CD4-guided Treatment Interruptions vs Continuous Antiretroviral Therapy in Staccato Trial

By Liz Highleyman

Structured treatment interruption has been proposed as a strategy for reducing the side effects and costs of antiretroviral therapy, but carries the risk of HIV disease progression.

Results from the SMART trial, presented at the recent XVI International AIDS Conference in Toronto, indicated that patients who underwent structured treatment interruptions guided by CD4 cell counts were more than twice as likely to experience disease progression or death compared with those who received continuous antiretroviral therapy.

But new data from the Staccato trial, published in the August 5, 2006 HIV/AIDS special issue of The Lancet, showed that individuals who interrupted therapy with high CD4 counts and low viral loads did not experience more AIDS-defining events, suggesting that treatment interruption may still be an appropriate strategy for selected patients.

Staccato, conducted by the HIV Netherlands Australia Thailand Research Collaboration, included 430 participants, 80% from Thailand, 18% from Europe, and 2% from Australia. All Thai patients took ritonavir-boosted saquinavir (Invirase) plus two nucleoside reverse transcriptase inhibitors (NRTIs).

Participants who had CD4 counts greater than 350 cells/mm3 and viral loads below 50 copies/mL for at least 3 months were randomly assigned to continue therapy (n = 146) or to undergo treatment interruptions (n = 284). Treatment was restarted if a patient's CD4 count fell below 350 cells/mm3, and again discontinued once the CD4 count rose above this level. At the end of the randomized phase of the study, all patients were followed for an additional 12 weeks on continuous therapy.

Results

The median follow-up time on randomized treatment was 21.9 months (range 16.4-25.3 months).

Patients in the treatment interruption arm used antiretroviral drugs for 37.5% of their total days in the study, compared with 99% of days for those on continuous therapy.

In the treatment interruption group, the total "drug savings" was 61.5%.

257 of 284 patients (90.5%) achieved viral loads less than 50 copies/mL in the treatment interruption arm, compared with 134 of 146 (91.8%) in the continued therapy group (P = 0.90, not a statistically significant difference).

Patients in the treatment interruption arm reached significantly lower CD4 cell counts than those on continuous therapy (402 vs 619 cells/mm3; P = 0.001).

About half the patients in the treatment interruption arm had to restart therapy within 18 weeks; this was more common among patients who had lower CD4 counts and higher viral loads before starting treatment.

No AIDS-defining events or deaths considered to be related to HIV or antiretroviral drug toxicity occurred in either arm (the study was too small to detect a significant difference in rates of AIDS or death).

Diarrhea (23 vs 16%; P = 0.04) and peripheral neuropathy (5 vs 2%; P = 0.03) occurred more frequently in the continuous treatment arm.

Patients in the continuous therapy arm had higher serum cholesterol levels and were more likely to report lipodystrophy.

Oral and genital candidiasis (thrush) was more common in the treatment interruption arm.

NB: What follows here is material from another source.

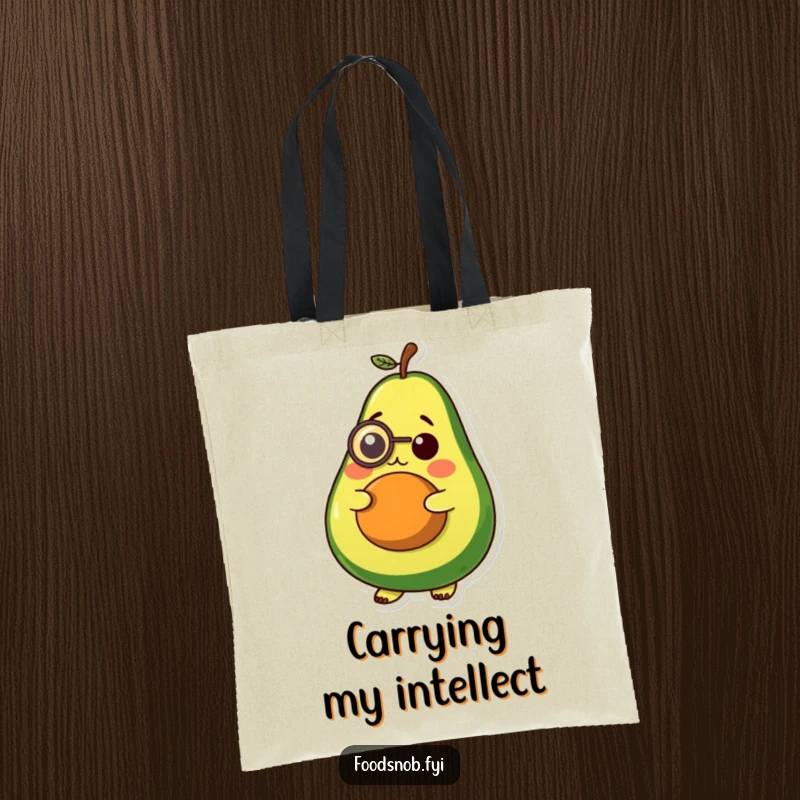 Funny tote bag, a plump avocado character with a tiny monocle, looking very thoughtful, ideal for daily use.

A total of 10 patients (2.3%) developed drug resistance mutations, but there was no significant difference between the two arms.

Conclusion

The authors concluded that, "Drug savings with scheduled treatment interruption were substantial, and no evidence of increased treatment resistance emerged. Treatment-related adverse events were more frequent with continuous treatment, but low CD4 counts and minor manifestations of HIV infection were more frequent with scheduled treatment interruption."

"Staccato indicates that ritonavir-boosted protease-inhibitor-based HAART can be interrupted without undue harm, provided that CD4 counts are monitored," they added.

The SMART study, which was discontinued in January 2006 after data showed that the treatment interruption strategy was detrimental, included patients with more advanced disease than those in Staccato, had a longer follow-up period (up to 6 years), and allowed patients' CD4 counts to fall to 250 cells/mm3 before restarting therapy (compared with 350 cells/mm3 in Staccato).

Unexpectedly, in addition to increased risk of progression to AIDS or death, SMART also showed that patients who interrupted therapy had higher rates of cardiovascular, liver, and kidney complications, which researchers initially had hoped would be reduced by taking treatment breaks.

"It would be wrong to conclude that SMART means the end of all HIV treatment interruption," the Staccato authors wrote, but acknowledged that, "such a striking discrepancy is unlikely due to chance and requires explanation."

Until further data from large clinical trials is available, with wisdom of structured treatment interruptions remains a subject of controversy.

09/01/06

Reference
J Ananworanich, A Gayet-Ageron, M Le Braz, and others. CD4-guided scheduled treatment interruptions compared with continuous therapy for patients infected with HIV-1: results of the Staccato randomised trial. The Lancet 368(9534):459-65. August 5, 2006.